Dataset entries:
******
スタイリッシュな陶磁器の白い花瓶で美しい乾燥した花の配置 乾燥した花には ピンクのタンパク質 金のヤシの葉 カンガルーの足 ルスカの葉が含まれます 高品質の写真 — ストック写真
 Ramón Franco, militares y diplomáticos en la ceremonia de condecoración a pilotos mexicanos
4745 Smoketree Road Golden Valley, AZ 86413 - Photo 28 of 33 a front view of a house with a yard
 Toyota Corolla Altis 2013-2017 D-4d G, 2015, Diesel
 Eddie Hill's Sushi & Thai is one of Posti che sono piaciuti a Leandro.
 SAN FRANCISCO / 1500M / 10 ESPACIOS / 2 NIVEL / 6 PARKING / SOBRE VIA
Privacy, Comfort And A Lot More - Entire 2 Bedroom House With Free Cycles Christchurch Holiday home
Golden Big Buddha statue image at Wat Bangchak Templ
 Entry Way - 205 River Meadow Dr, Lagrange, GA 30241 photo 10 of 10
******
• _TASK DESCRIPTION_
Each record above should be returned exactly as written.

• _REPLY TO THE EXERCISE_
スタイリッシュな陶磁器の白い花瓶で美しい乾燥した花の配置 乾燥した花には ピンクのタンパク質 金のヤシの葉 カンガルーの足 ルスカの葉が含まれます 高品質の写真 — ストック写真
 Ramón Franco, militares y diplomáticos en la ceremonia de condecoración a pilotos mexicanos
4745 Smoketree Road Golden Valley, AZ 86413 - Photo 28 of 33 a front view of a house with a yard
 Toyota Corolla Altis 2013-2017 D-4d G, 2015, Diesel
 Eddie Hill's Sushi & Thai is one of Posti che sono piaciuti a Leandro.
 SAN FRANCISCO / 1500M / 10 ESPACIOS / 2 NIVEL / 6 PARKING / SOBRE VIA
Privacy, Comfort And A Lot More - Entire 2 Bedroom House With Free Cycles Christchurch Holiday home
Golden Big Buddha statue image at Wat Bangchak Templ
 Entry Way - 205 River Meadow Dr, Lagrange, GA 30241 photo 10 of 10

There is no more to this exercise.